Why did you defer the customer portal? Because your sales team said they can manage with the current process for another six months.

This decision log becomes essential when stakeholders rotate, and in a mid-market company running a six-to-twelve month engagement, rotation is almost guaranteed. Someone gets promoted, someone leaves, a new VP joins and asks why the system works the way it does.

The decision log answers those questions without requiring your development partner to relitigate settled debates.

Ask your development partner how they document decisions.

If the answer is "it's all in the tickets," push for something more structured. A shared decision log, reviewed at each sprint milestone, takes fifteen minutes to maintain and saves dozens of hours over the life of the project.

Plan for what happens after launch

The engagement doesn't end at go-live. In fact, the most critical communication happens in the first 90 days after launch, when your team is using the system in production and discovering edge cases that no amount of planning could have anticipated.

Before the project kicks off, understand your development partner's post-launch support model. How are bugs reported and prioritized? What's the response time for critical issues? Is there a maintenance retainer, or are you paying hourly for every post-launch fix? How does the system get updated as your business evolves?

A custom system should get smarter and more capable over time, not calcify the moment the project closes. The right partner relationship is ongoing, not transactional.

Key Takeaways

  • Lead with business outcomes, not feature lists. Your development team can build anything. The question is whether they're building the right thing. Define success in measurable business terms before you define a single screen or workflow.

  • Fund discovery before committing to a build. A $15K–$30K discovery phase prevents six-figure surprises. You get realistic cost estimates, documented workflows, and a blueprint you own regardless of what happens next.

  • Empower a single decision-maker. Committee-driven projects don't fail because of the committee. They fail because of the three-week delay between every decision. One person, empowered to make tradeoff calls, keeps the entire engagement on track.

  • Enforce change control ruthlessly. Every new feature request must answer: what does it cost, what's the business case, and what are we cutting to make room? Adding without subtracting is how timelines double.

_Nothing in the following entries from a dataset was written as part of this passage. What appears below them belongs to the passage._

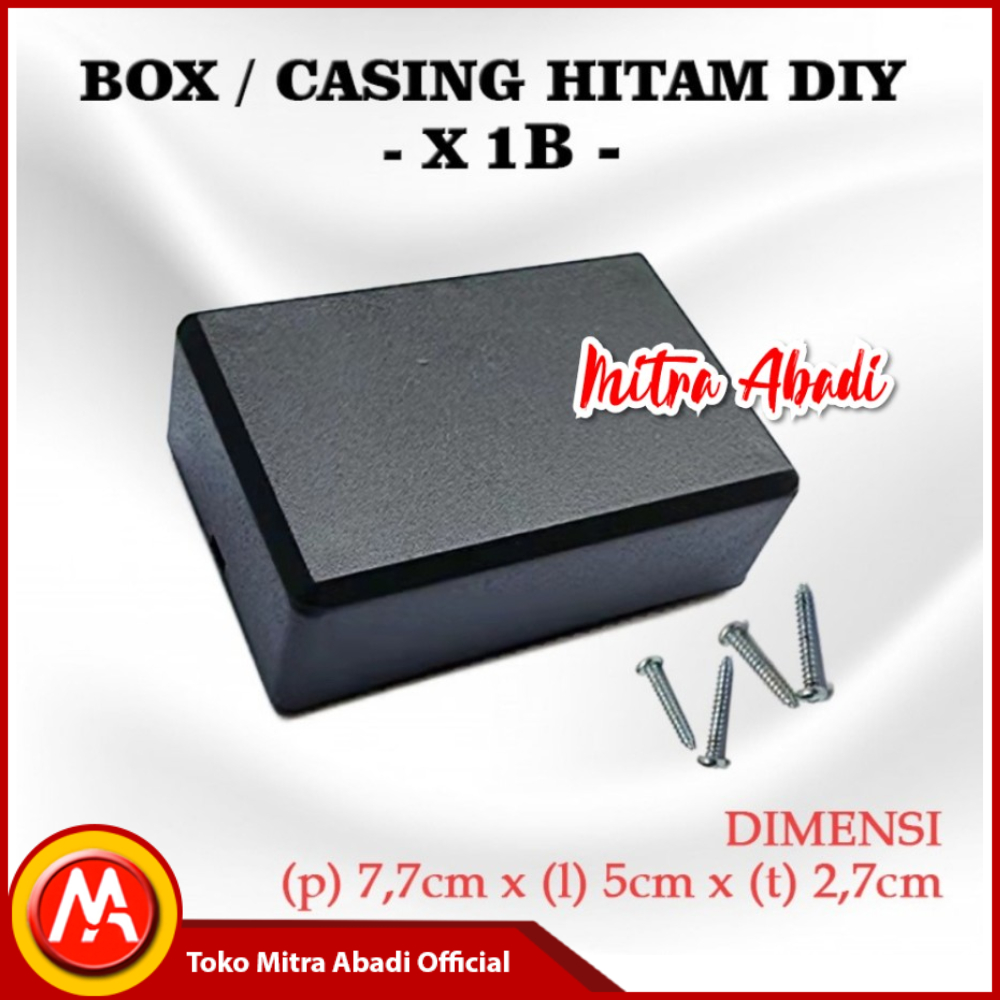 Box Kotak Casing Plastik X1B for Komponen DIY Ukuran 7,7 x 5 x 2,7 cm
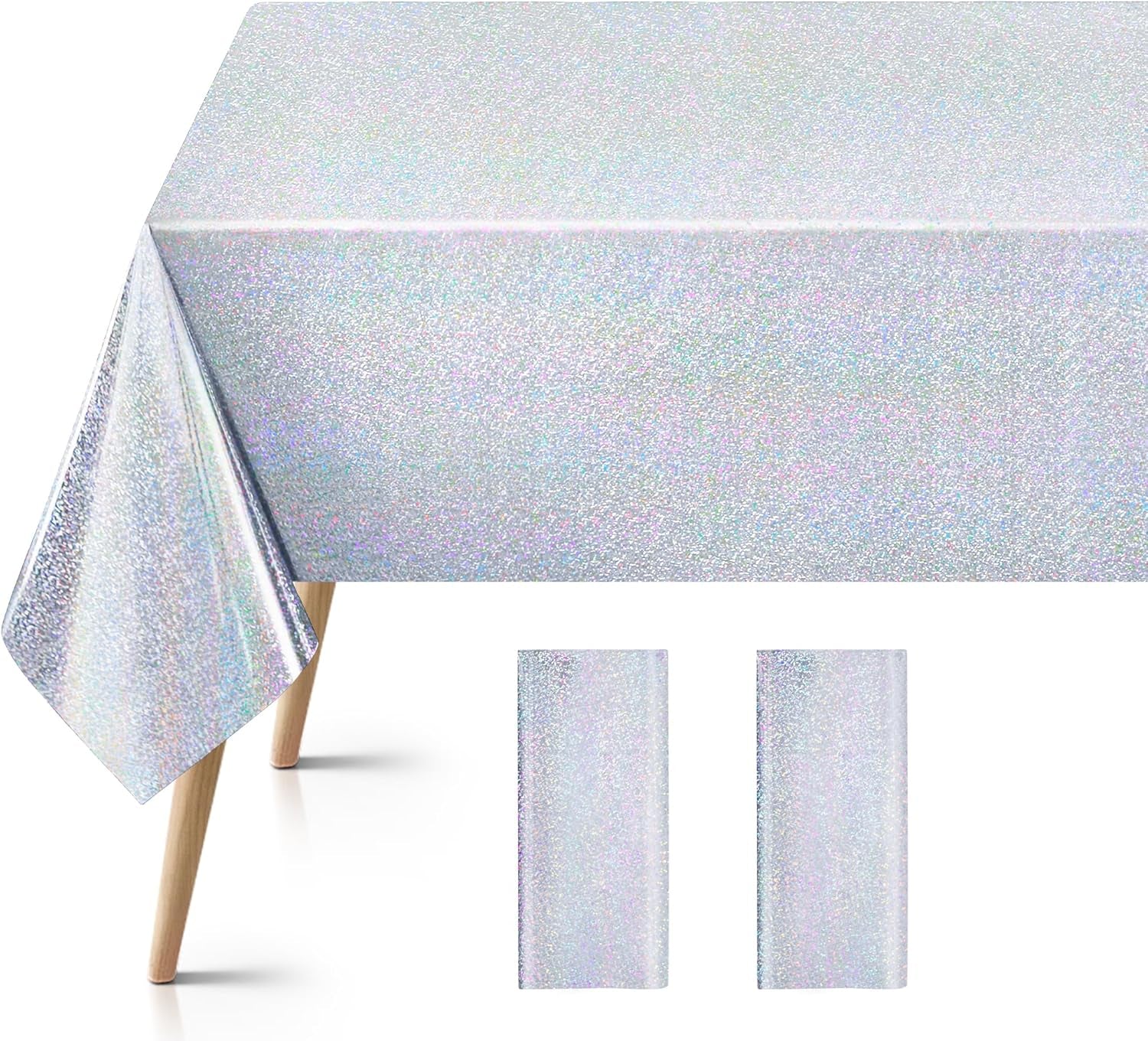 Set of 2 Silver Holographic Foil Tablecloths - 54x72 Durable Table Covers for Elegant Celebrations, Perfect for Parties, Weddings, and Showers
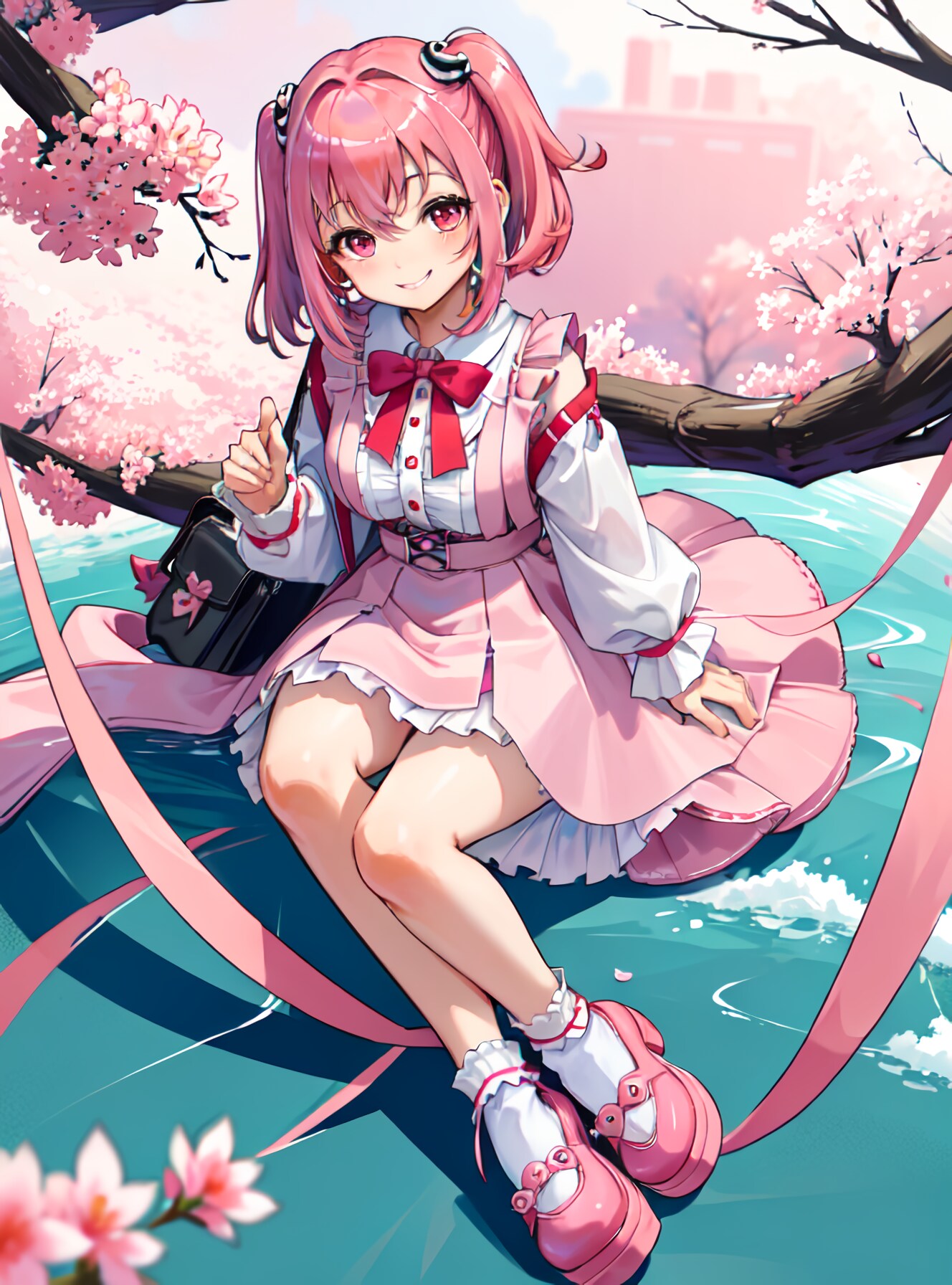 全身桃色コーデ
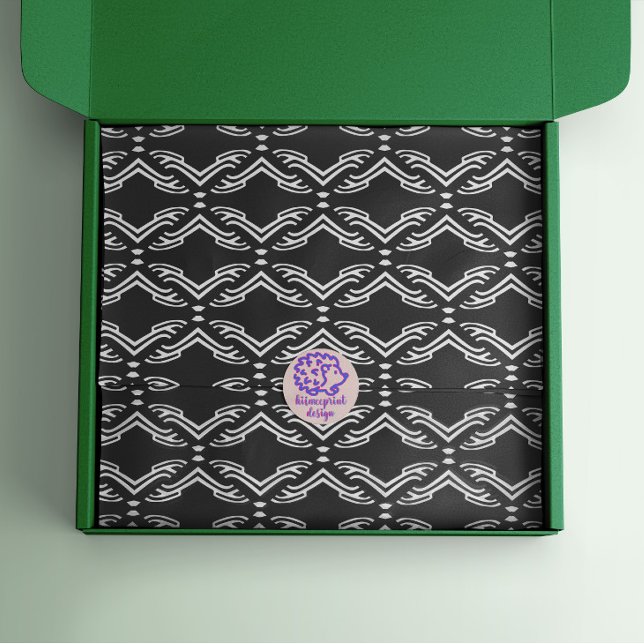 Modernes, stilvolles Schwarz-Weiß-Muster Seidenpapier (Von Creator hochgeladen)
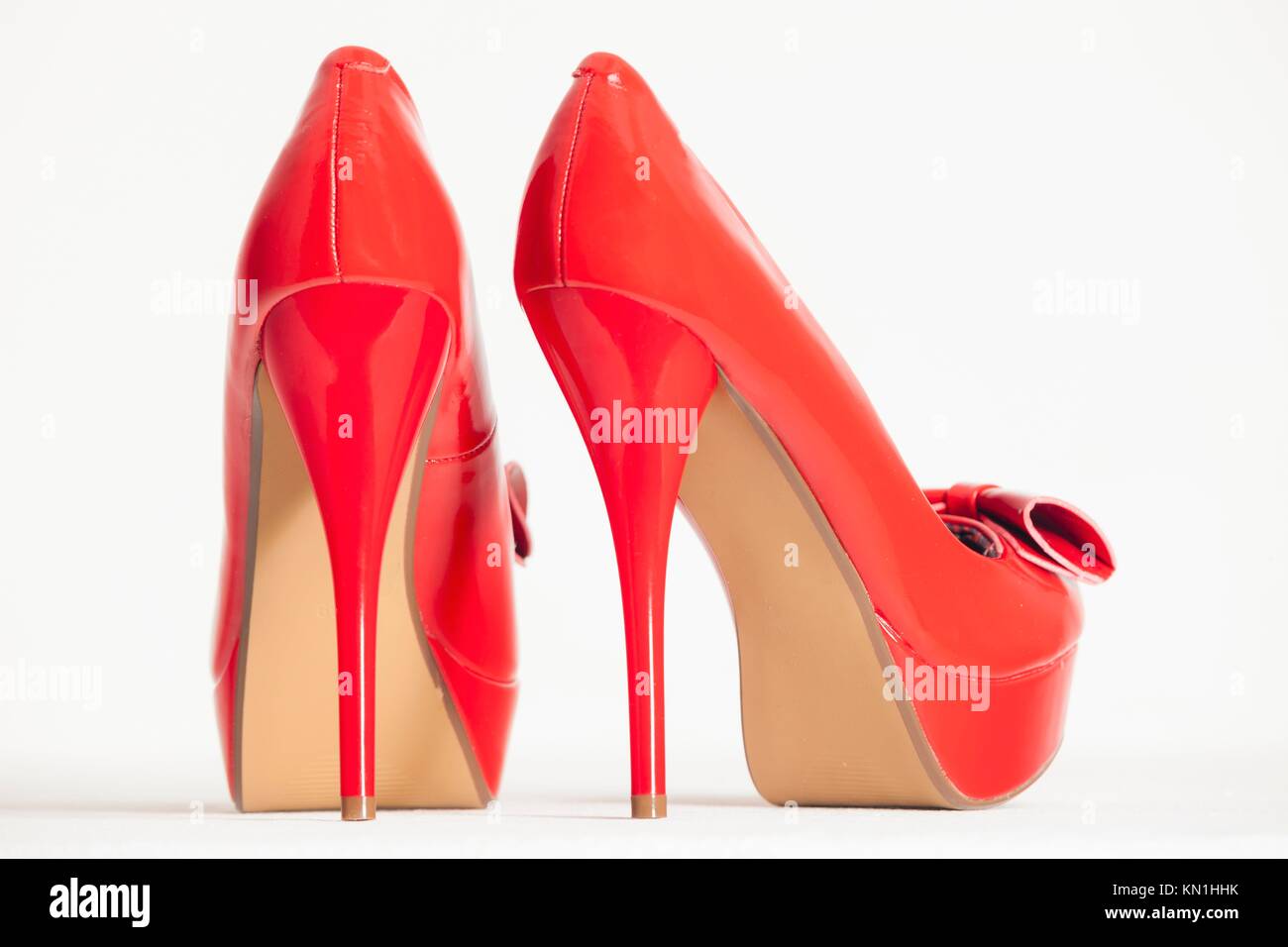 fashionable platform red pumps Stock Photo Alamy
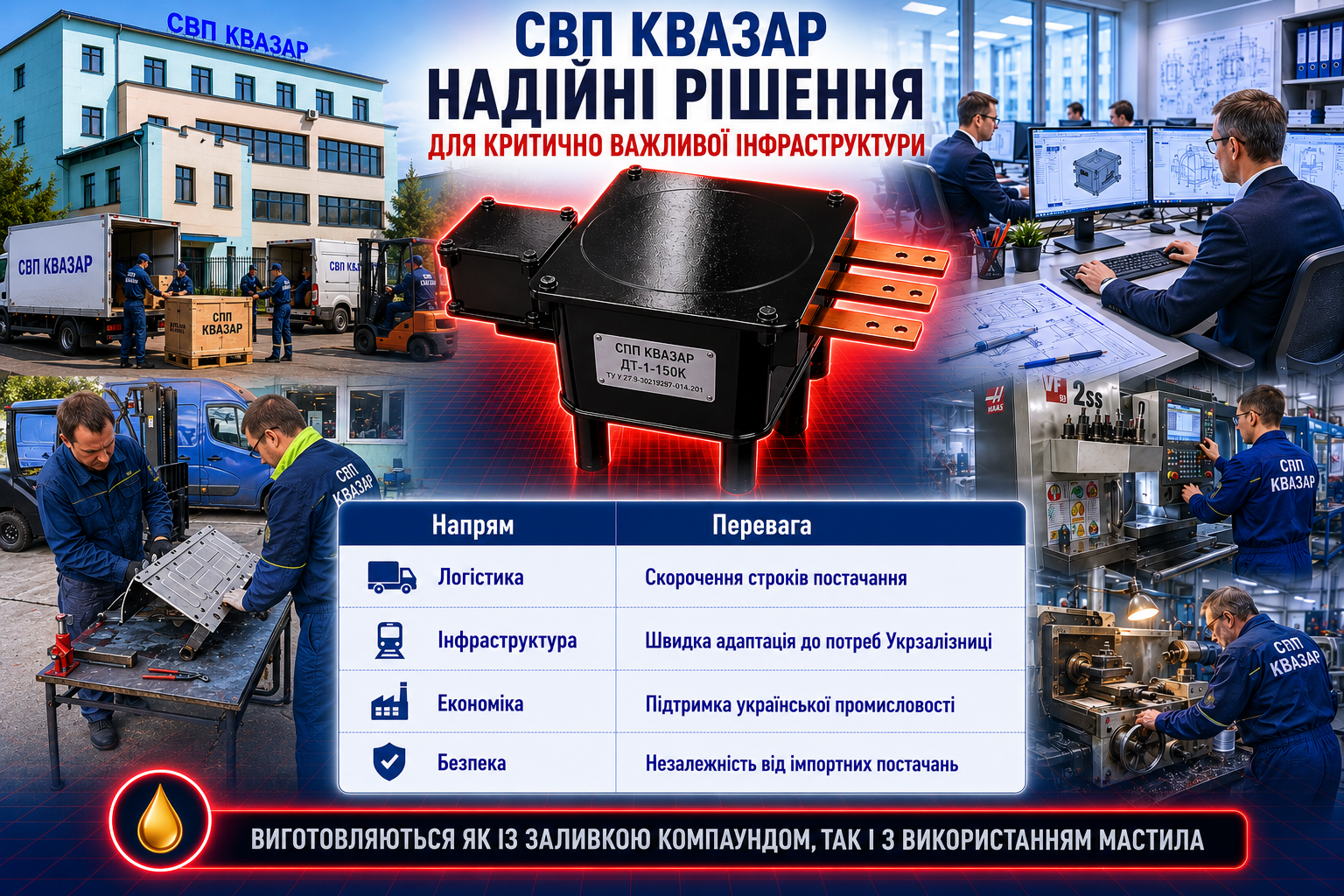 Переваги локального виробництва дросель-трансформаторів - національний виробник СВП КВАЗАР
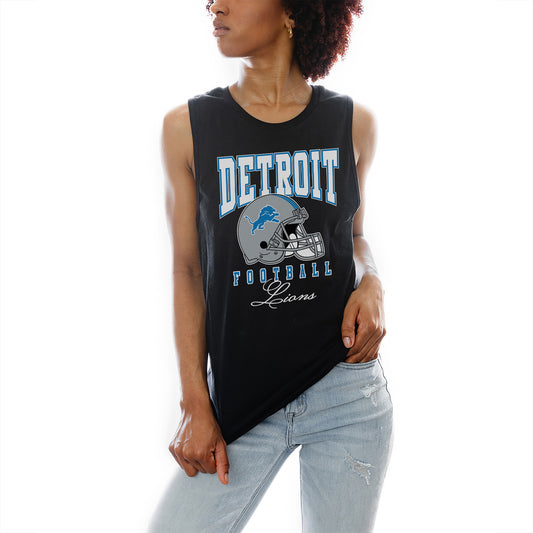 Women's Gameday Couture Black Detroit Lions Preseason Opener Racerback Tank Top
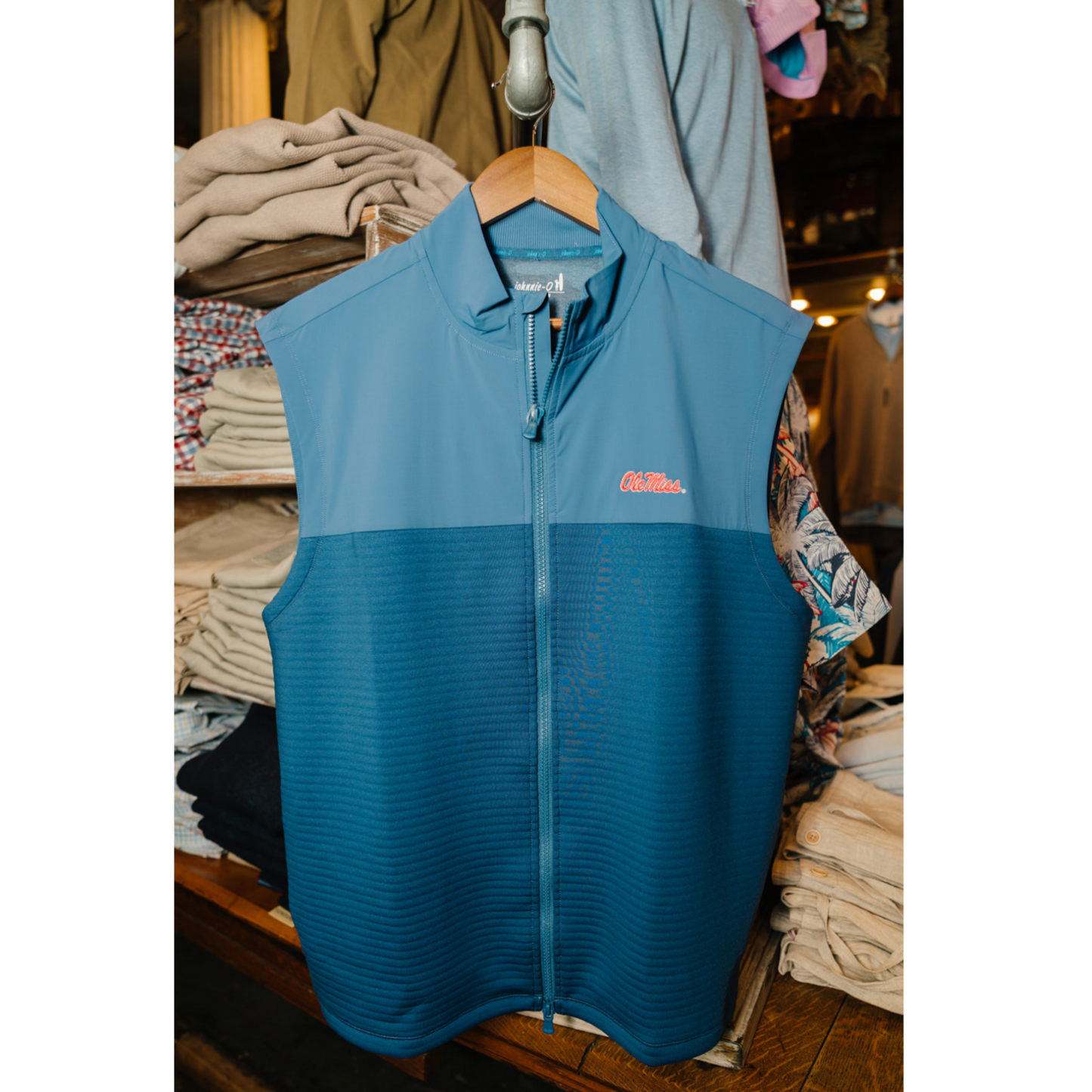 Ole Miss Culbertston Performance Mixed Media Vest (Lake)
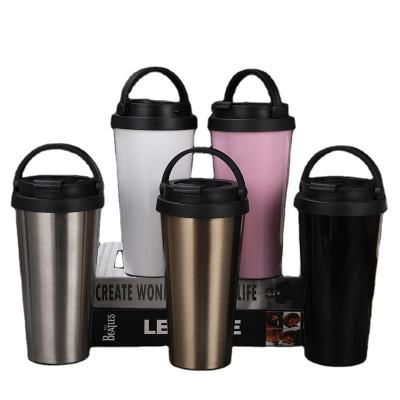 China Durable Durable Stainless Steel Handheld Coffee Mug Car-mounted Thermal Coffee Mug Suitable For Outdoor Sports for sale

  • Stay in your lane and expect your partner to stay in theirs. You own the business context. They own the technical execution. The best outcomes happen when neither side crosses that line.

  • Consistency beats frequency in reviews. A monthly review you actually attend is worth more than a biweekly review you keep canceling. Set a cadence that's realistic for your schedule.

  • Plan for post-launch from day one. The most important phase of the engagement is the 90 days after go-live. Understand the support model before you sign the contract.